WHAT NEEDS TO BE DONE
What are the lines below, starting at the line containing "20 Murtoa Road, Eden Hills - Thumbnail 4" and ending at the line containing "Sammelfigur Minix 17331"? Write them out exactly, ends included, without pictures.

ENTRIES SHOWN
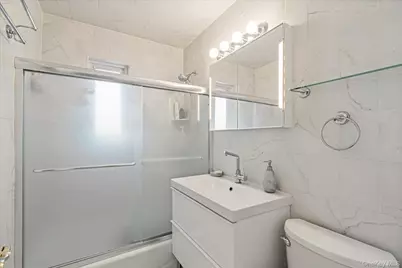 209-87 18th Avenue #196, Bayside, NY 11360 - Photo 9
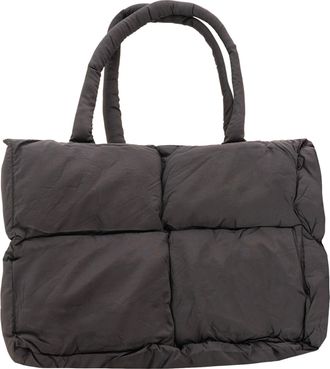 Zwillingsherz Tragetasche ZWILLINGSHERZ Uni, Damen, schwarz, Web, Kunstfaser, unifarben, Taschen Tragetasche, ger&auml;umig, leichtes Material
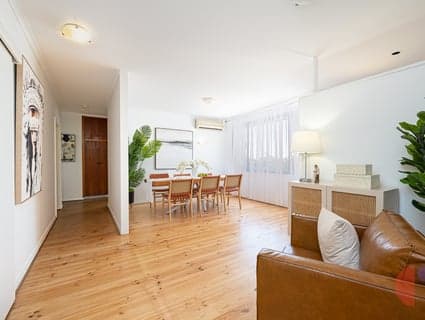 20 Murtoa Road, Eden Hills - Thumbnail 4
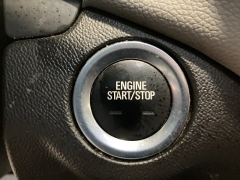 Used 2019  Chevrolet Equinox 4d SUV FWD LT w/1LT at Maxx Loans near St. Adrian, MI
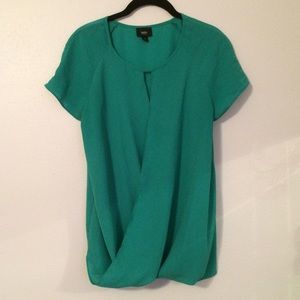 ‼️Last chance! Closet closing today‼️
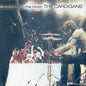 The Cardigans - First Band On The Moon - LP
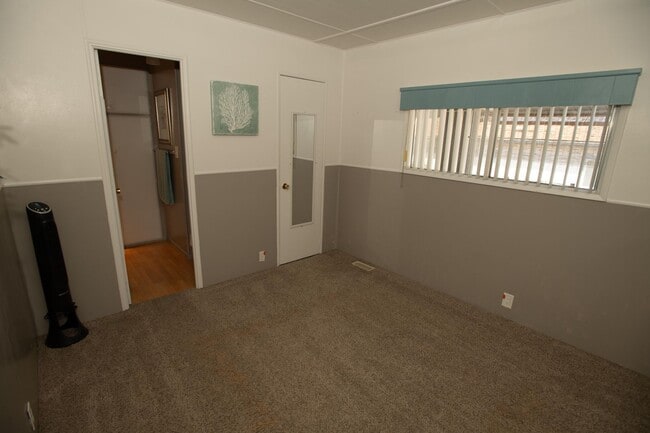 Building Photo - 2 Bedrooms | 2 Bathrooms | Resort-Inspired Community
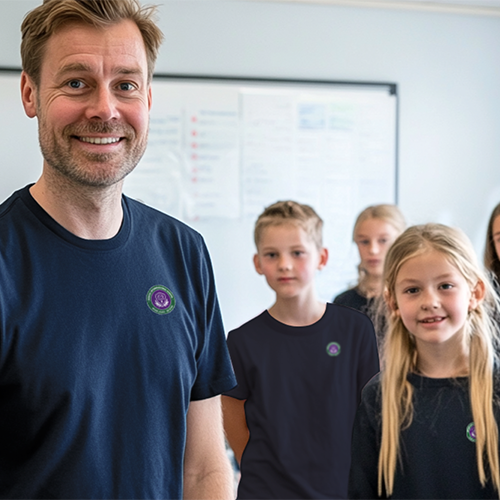 nordic_international_school_contentblock_1.webp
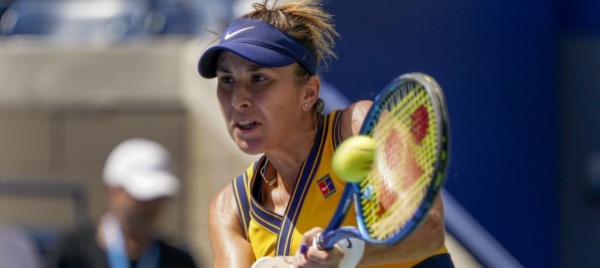 a-chicago-bencic-ai-quarti-teichmann-eliminata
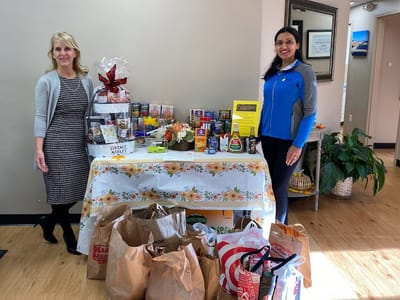 Dentist Salem - Smiles of Salem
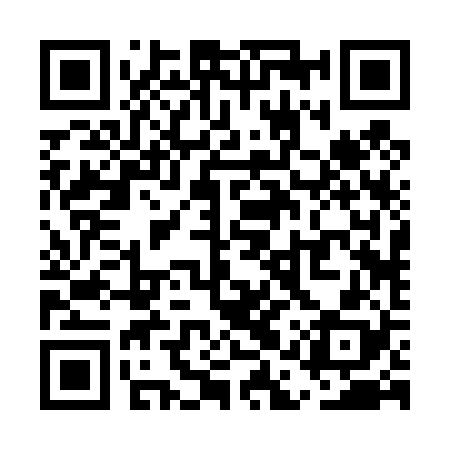 QR code for UAR428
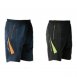 品牌款機能款短褲(多款選擇)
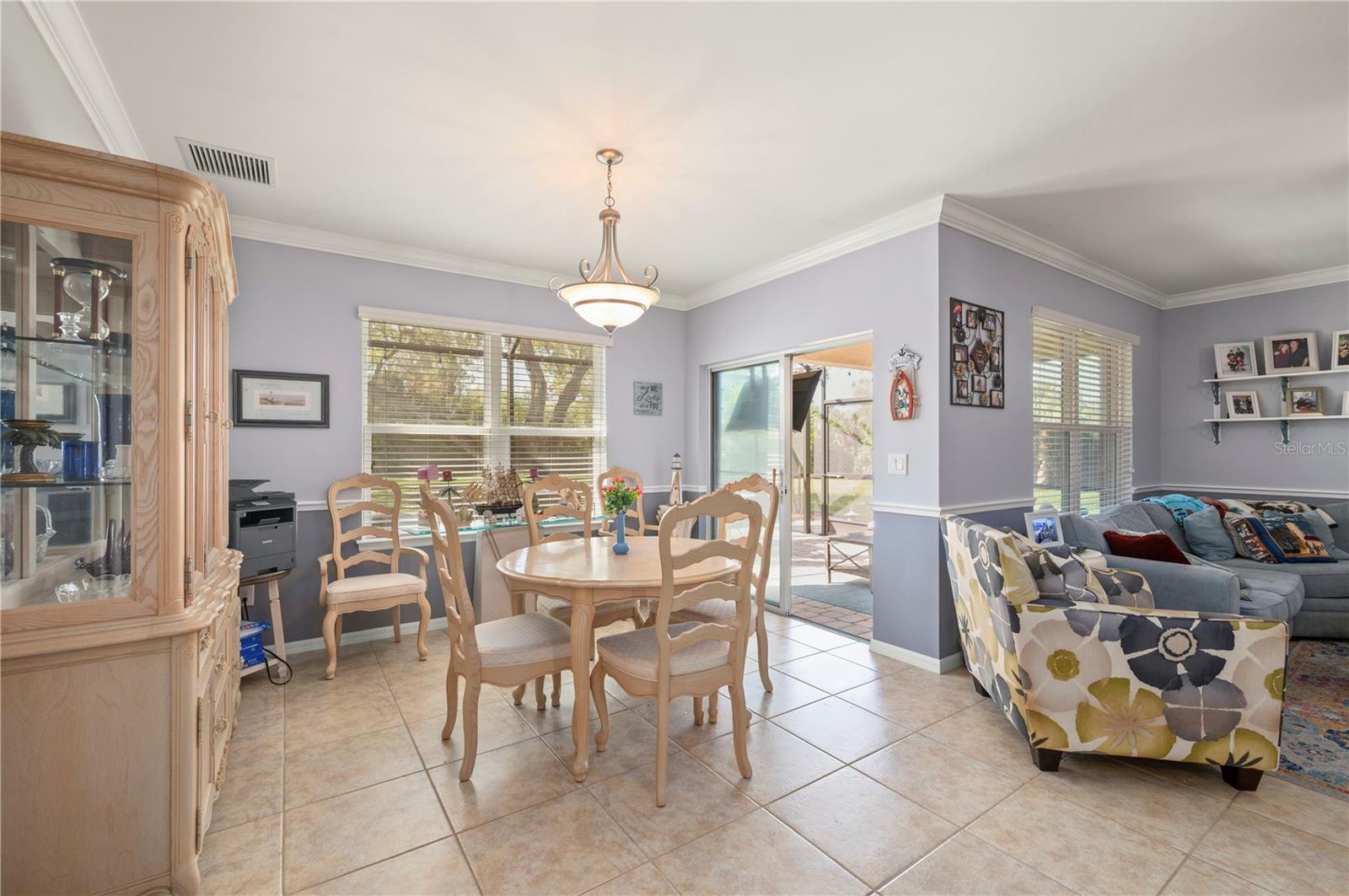 7812 MIKASA DR, PUNTA GORDA, FL — photo 23
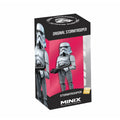Sammelfigur Minix 17331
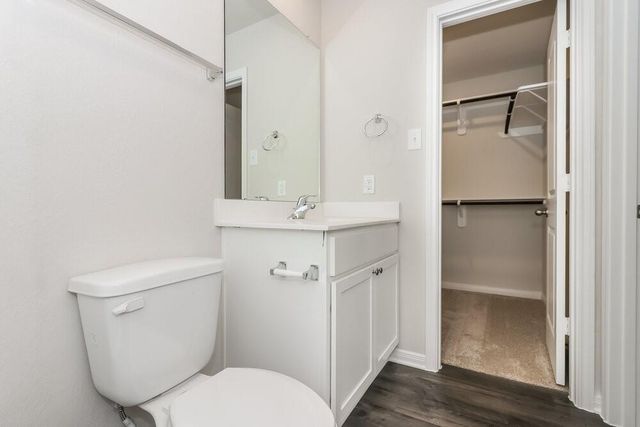 7522 Thrips Lane, Richmond, TX 77469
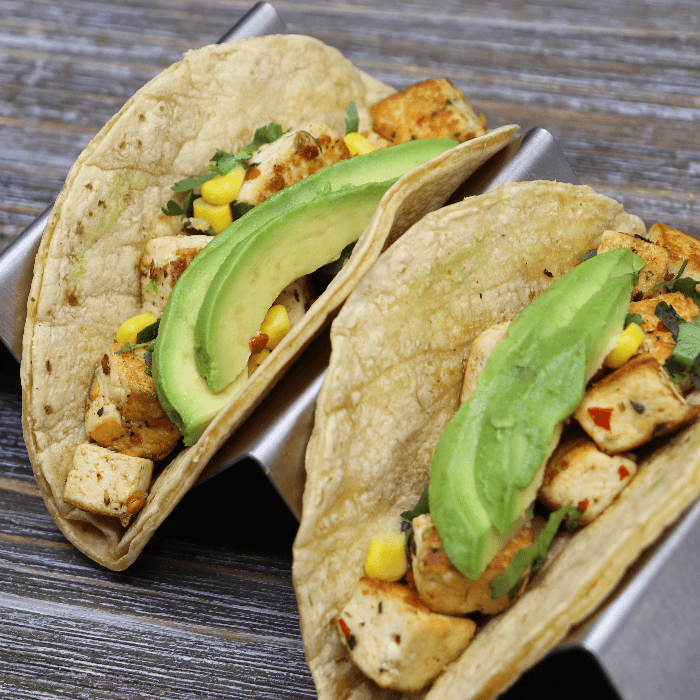 Authentic Mexican Rice and Flavorful Favorites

TASK OUTPUT
 20 Murtoa Road, Eden Hills - Thumbnail 4
 Used 2019  Chevrolet Equinox 4d SUV FWD LT w/1LT at Maxx Loans near St. Adrian, MI
 ‼️Last chance! Closet closing today‼️
 The Cardigans - First Band On The Moon - LP
 Building Photo - 2 Bedrooms | 2 Bathrooms | Resort-Inspired Community
 nordic_international_school_contentblock_1.webp
 a-chicago-bencic-ai-quarti-teichmann-eliminata
 Dentist Salem - Smiles of Salem
 QR code for UAR428
 品牌款機能款短褲(多款選擇)
 7812 MIKASA DR, PUNTA GORDA, FL — photo 23
Sammelfigur Minix 17331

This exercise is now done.